→ **TASK STATEMENT**
Exact copies of all entries are expected.

→ **DATA EXTRACT**
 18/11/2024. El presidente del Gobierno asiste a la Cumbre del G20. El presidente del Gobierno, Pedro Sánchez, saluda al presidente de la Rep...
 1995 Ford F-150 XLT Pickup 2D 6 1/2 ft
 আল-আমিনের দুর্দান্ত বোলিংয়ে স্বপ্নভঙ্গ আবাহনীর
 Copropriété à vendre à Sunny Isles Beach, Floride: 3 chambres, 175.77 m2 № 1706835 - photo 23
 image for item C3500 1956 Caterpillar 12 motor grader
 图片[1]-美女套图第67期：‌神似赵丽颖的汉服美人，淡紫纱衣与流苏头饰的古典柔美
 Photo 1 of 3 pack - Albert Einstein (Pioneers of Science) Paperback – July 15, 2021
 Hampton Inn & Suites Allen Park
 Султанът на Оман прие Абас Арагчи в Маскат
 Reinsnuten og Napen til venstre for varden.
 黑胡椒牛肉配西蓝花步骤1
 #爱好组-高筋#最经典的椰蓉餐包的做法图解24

→ **RESULT FOR THIS TASK**
 18/11/2024. El presidente del Gobierno asiste a la Cumbre del G20. El presidente del Gobierno, Pedro Sánchez, saluda al presidente de la Rep...
 1995 Ford F-150 XLT Pickup 2D 6 1/2 ft
 আল-আমিনের দুর্দান্ত বোলিংয়ে স্বপ্নভঙ্গ আবাহনীর
 Copropriété à vendre à Sunny Isles Beach, Floride: 3 chambres, 175.77 m2 № 1706835 - photo 23
 image for item C3500 1956 Caterpillar 12 motor grader
 图片[1]-美女套图第67期：‌神似赵丽颖的汉服美人，淡紫纱衣与流苏头饰的古典柔美
 Photo 1 of 3 pack - Albert Einstein (Pioneers of Science) Paperback – July 15, 2021
 Hampton Inn & Suites Allen Park
 Султанът на Оман прие Абас Арагчи в Маскат
 Reinsnuten og Napen til venstre for varden.
 黑胡椒牛肉配西蓝花步骤1
 #爱好组-高筋#最经典的椰蓉餐包的做法图解24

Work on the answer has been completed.